Many factors make his feat amazing: the fact that he had to re-mortgage his house some four times to fund his dream; the fact that he only gained enough sponsorship to actually be able to compete in the week before the start, back on 9th November 2008; and that of 30 starters 18 sailors failed to complete the race through a combination of injuries or damage to their boat.

The ever modest Steve (36, from Weymouth, Dorset) managed to take it all in his stride, enjoying the moment and waving at the huge crowds as his boat Toe in the Water was joined by a flotilla of around 200 boats of varying shapes and sizes. A large banner was draped over the harbour wall that read: ‘Thanks Steve. You made us dream.’ It summed up perfectly the affection that the locals have for him, and his family (wife Kim and children Jason (19), Eryn (16), Isaac (9) and Euan (6) adopting them as honorary French citizens.

White’s story has kept everyone enthralled, and when he left Les Sables back in November he said, “I will finish, and I won’t come last”. With three sailors still behind him, he certainly kept his word.

Today Steve said, “I am just so amazed to finally be here. It’s everything I dreamt it would be and more. I cannot thank my family, friends, sponsors and the people of France enough. Thank you France for looking after my family while I was away, I don’t know what the French word for ‘humbled’ is, but that is how your welcome and support have made me feel.”

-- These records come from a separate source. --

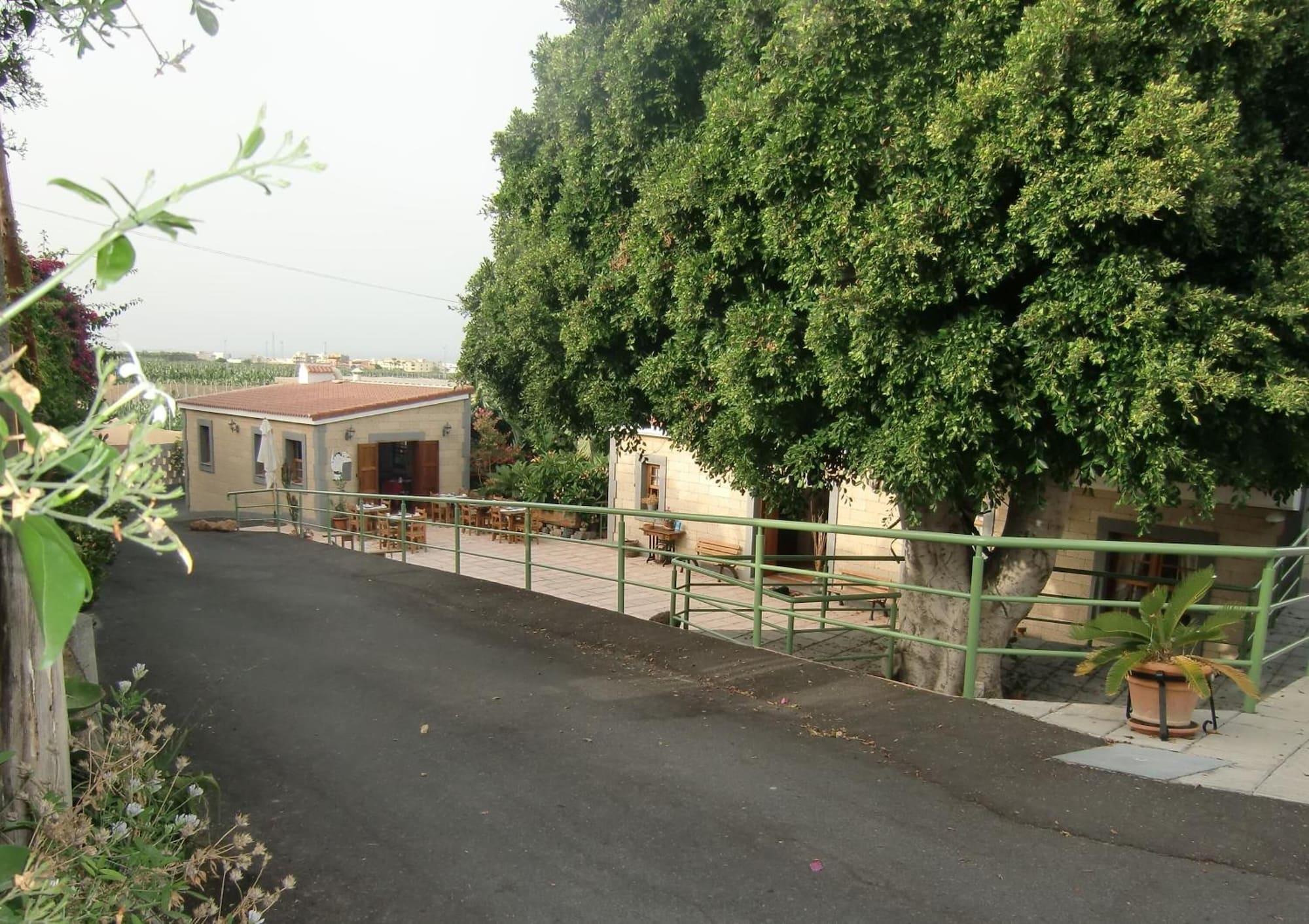 Vista Exterior Hotel Rural El Navío- Adults Only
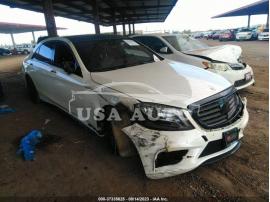 MERCEDES-BENZ S-CLASS S 550 2015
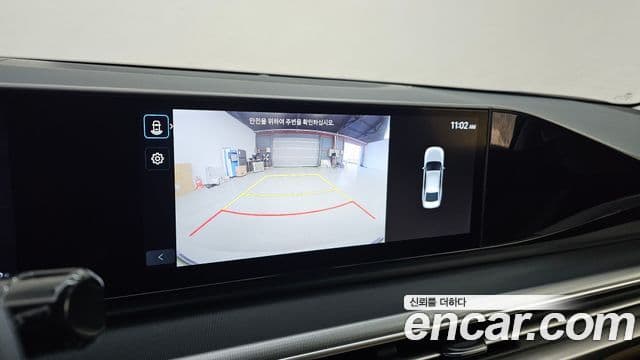 Hyundai Grandeur гибрид (GN7) Premium, 2023 15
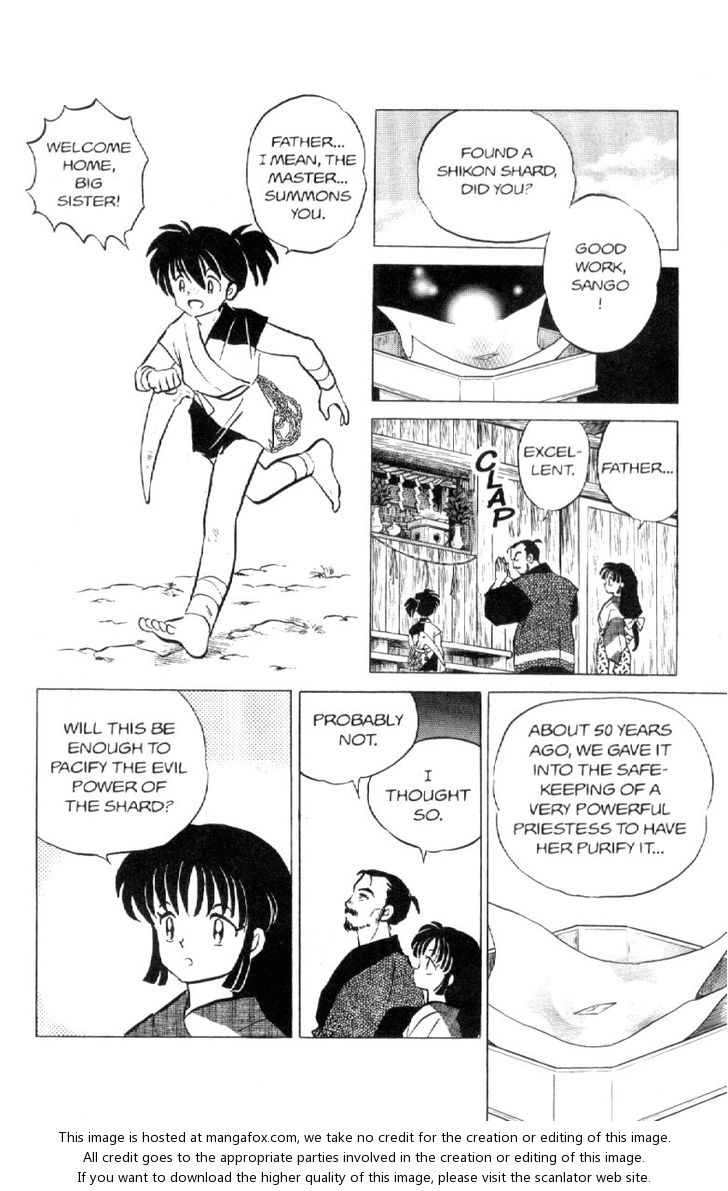 Read InuYasha en Manga Online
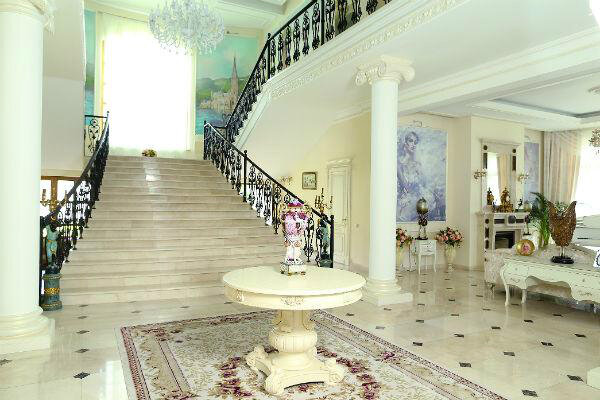 Как выглядит дом Анастасии Волочковой за 2 млн. долларов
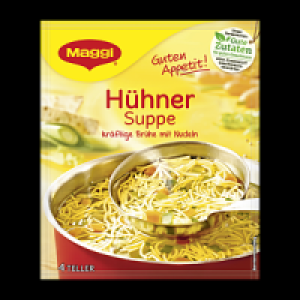 Maggi Guten Appetit Suppe
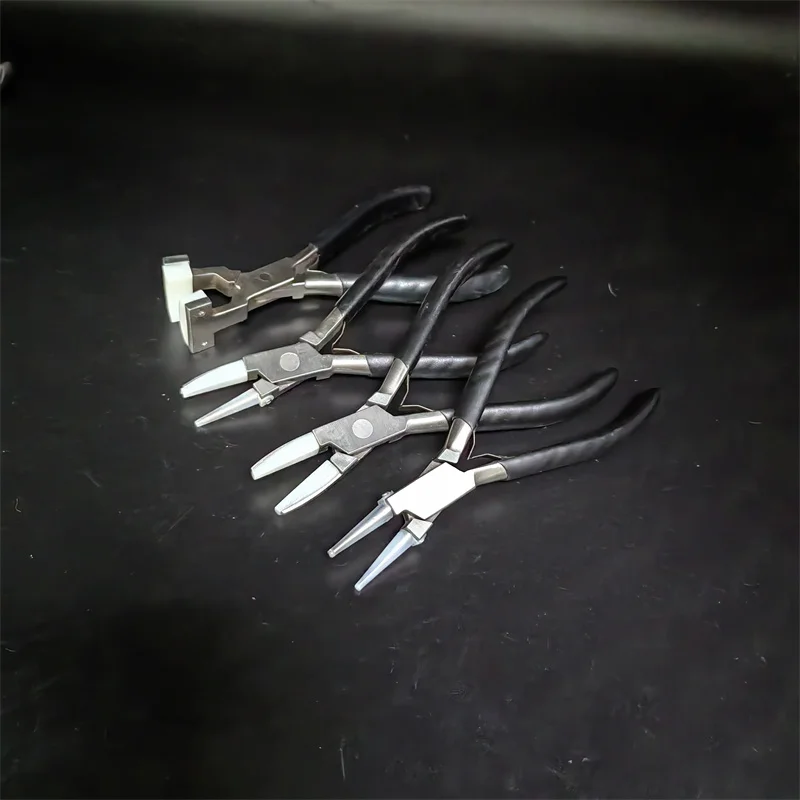 

Стоматологический каркас, больничный фоторезак, золотистые, серебристые ножницы из нержавеющей стали для резки, плоскогубцы для изготовле...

As for the future, Steve’s plans are fixed;

I’ll be back in 2012 to compete again, and then in 2016. I’ll have a new boat and I’d really quite like to win.  He added, If any of you have ever had even a small dream about competing in the Vendee Globe, I urge you to do it. It will exceed all your dreams, it is the best sporting event in the world and I don’t think there can be a feeling like this anywhere else.

Steve’s boat is named Toe in the Water after the charity that promotes the rehabilitation of injured servicemen through competitive sailing. This came about due to a last minute donation from a consortium of anonymous donors who provided White the shortfall in money required to compete, but asked that he rename the boat and give any publicity to the charity..

Members of the charity were present at both the start and finish of the race, and two injured soldiers, Andy Newell and Chris Herbert, today boarded Toe in the Water for the emotional journey into the port.

Andy, a patron for the charity said;

We are so proud that someone as committed and inspiring as Steve, has carried our name and our flag around the world. His achievement is just epic, and the spirit of adventure in which he did it sums up perfectly the principles of Toe in the Water.